Data =>
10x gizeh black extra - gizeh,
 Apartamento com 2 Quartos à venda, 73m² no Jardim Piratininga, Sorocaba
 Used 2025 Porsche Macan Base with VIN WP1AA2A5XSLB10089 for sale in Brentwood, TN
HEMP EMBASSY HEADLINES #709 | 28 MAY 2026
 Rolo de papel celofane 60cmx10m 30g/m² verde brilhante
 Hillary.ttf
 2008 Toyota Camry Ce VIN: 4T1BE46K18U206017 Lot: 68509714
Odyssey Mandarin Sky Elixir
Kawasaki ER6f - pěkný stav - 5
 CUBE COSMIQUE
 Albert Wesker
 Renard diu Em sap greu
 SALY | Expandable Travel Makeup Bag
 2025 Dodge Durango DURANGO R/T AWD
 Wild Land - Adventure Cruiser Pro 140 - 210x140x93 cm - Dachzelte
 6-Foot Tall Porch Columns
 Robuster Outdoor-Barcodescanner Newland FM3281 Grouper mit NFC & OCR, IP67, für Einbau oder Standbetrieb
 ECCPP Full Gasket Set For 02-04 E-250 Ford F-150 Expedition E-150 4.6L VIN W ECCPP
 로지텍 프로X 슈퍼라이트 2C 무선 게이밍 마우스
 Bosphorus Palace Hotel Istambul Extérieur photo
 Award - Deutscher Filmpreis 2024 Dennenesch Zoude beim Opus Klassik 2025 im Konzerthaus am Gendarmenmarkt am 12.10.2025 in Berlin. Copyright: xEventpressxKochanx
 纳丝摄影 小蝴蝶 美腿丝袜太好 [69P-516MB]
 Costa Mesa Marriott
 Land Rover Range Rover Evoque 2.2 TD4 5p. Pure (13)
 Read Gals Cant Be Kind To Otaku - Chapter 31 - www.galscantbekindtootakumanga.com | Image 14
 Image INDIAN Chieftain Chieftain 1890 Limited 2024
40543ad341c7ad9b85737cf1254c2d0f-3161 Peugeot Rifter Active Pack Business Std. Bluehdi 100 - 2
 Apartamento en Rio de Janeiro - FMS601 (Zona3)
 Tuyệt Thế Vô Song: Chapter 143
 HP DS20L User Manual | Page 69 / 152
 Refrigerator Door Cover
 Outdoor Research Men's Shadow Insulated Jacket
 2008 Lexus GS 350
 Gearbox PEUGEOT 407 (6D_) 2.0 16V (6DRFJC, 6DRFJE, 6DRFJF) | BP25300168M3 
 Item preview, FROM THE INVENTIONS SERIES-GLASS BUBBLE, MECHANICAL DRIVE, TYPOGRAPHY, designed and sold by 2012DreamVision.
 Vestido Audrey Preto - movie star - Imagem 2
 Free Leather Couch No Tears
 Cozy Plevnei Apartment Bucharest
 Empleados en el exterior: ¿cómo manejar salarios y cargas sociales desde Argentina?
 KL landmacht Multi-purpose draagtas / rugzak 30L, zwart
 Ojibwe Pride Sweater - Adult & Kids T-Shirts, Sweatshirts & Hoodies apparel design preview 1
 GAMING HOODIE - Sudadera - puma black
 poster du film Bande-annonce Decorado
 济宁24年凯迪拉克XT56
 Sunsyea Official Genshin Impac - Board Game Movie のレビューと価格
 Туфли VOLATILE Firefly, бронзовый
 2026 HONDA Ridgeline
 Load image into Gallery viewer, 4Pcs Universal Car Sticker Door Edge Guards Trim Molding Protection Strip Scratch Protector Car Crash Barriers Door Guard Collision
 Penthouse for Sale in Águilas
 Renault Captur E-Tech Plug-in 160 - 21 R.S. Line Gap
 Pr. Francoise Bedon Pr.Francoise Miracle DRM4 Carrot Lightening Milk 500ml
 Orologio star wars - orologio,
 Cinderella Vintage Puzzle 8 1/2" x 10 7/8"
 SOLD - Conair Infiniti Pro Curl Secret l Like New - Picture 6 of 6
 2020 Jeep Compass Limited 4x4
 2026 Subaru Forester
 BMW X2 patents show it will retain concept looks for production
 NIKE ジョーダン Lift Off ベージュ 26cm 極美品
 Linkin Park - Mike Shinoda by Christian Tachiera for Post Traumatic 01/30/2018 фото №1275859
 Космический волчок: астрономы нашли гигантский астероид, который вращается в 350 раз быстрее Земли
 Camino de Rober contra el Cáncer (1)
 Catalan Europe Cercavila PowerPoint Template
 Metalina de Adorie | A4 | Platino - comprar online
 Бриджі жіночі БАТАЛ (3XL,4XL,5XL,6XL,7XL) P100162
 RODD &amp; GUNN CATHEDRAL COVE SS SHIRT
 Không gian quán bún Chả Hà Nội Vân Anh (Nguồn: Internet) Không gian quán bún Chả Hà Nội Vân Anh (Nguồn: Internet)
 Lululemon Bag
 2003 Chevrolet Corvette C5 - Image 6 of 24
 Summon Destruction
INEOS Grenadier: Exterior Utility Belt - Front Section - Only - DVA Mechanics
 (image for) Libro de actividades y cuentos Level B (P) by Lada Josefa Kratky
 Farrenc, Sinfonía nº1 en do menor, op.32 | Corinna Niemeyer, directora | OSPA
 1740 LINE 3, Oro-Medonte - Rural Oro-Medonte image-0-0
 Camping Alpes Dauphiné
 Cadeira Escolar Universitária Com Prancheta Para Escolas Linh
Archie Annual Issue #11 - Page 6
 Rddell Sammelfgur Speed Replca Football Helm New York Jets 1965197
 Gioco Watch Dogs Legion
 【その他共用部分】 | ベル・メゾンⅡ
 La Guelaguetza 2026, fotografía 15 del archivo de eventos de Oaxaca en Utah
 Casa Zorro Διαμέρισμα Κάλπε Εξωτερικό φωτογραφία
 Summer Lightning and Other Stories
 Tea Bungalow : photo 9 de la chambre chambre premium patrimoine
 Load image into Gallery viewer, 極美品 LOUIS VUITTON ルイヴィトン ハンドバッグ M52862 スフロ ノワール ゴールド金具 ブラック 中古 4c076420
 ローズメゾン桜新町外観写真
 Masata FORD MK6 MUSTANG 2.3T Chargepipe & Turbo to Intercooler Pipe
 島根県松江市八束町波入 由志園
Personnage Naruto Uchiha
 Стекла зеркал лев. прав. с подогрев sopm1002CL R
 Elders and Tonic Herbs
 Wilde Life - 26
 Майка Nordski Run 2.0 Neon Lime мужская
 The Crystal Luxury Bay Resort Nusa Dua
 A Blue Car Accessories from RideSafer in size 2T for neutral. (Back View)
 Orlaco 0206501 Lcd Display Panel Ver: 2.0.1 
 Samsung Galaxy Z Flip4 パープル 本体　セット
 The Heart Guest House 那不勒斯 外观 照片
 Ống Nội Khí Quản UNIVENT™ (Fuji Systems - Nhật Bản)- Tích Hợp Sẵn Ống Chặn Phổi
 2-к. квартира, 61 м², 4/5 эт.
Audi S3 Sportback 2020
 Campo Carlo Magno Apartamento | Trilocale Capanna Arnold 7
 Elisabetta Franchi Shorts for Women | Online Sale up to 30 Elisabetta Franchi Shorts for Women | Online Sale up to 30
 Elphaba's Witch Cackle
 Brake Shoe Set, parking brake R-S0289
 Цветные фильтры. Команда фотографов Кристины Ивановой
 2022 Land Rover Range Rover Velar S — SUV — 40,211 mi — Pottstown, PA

Work instructions =>
When a line of the material holds the string "Gallery", copy that line.

Solved problem =>
 Load image into Gallery viewer, 4Pcs Universal Car Sticker Door Edge Guards Trim Molding Protection Strip Scratch Protector Car Crash Barriers Door Guard Collision
 Load image into Gallery viewer, 極美品 LOUIS VUITTON ルイヴィトン ハンドバッグ M52862 スフロ ノワール ゴールド金具 ブラック 中古 4c076420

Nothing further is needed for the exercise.